▶ [DESCRIPTION OF THE TASK] The answer must consist of every line in the records that contains the word "Glossy".

▶ [Dataset entries]
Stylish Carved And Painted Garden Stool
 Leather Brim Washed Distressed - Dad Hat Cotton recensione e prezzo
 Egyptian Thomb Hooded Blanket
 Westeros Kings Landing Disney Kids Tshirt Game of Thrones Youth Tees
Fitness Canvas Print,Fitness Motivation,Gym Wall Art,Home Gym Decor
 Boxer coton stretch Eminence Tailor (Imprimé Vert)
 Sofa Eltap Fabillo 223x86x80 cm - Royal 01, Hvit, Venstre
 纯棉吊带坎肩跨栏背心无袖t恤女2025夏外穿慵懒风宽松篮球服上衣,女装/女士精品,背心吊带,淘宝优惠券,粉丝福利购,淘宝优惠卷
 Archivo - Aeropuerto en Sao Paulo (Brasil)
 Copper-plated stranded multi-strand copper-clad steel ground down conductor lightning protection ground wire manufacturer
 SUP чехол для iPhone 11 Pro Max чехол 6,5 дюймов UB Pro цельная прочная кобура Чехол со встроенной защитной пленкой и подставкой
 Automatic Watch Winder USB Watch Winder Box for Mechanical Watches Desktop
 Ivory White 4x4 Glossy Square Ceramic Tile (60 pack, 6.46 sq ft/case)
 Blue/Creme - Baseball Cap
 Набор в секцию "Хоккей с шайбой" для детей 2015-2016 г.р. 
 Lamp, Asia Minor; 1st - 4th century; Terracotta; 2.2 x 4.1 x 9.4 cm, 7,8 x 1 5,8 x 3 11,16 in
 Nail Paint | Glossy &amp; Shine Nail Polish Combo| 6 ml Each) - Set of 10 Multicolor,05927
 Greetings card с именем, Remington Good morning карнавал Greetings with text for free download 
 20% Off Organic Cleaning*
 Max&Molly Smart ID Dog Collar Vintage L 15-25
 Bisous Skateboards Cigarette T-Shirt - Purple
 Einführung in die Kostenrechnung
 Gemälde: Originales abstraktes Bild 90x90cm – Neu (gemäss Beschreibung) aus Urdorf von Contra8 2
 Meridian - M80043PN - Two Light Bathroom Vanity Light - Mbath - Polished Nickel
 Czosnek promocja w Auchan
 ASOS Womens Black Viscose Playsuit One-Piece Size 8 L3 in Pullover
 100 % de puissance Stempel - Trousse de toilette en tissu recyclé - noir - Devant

▶ [YOUR SOLUTION]
 Ivory White 4x4 Glossy Square Ceramic Tile (60 pack, 6.46 sq ft/case)
 Nail Paint | Glossy &amp; Shine Nail Polish Combo| 6 ml Each) - Set of 10 Multicolor,05927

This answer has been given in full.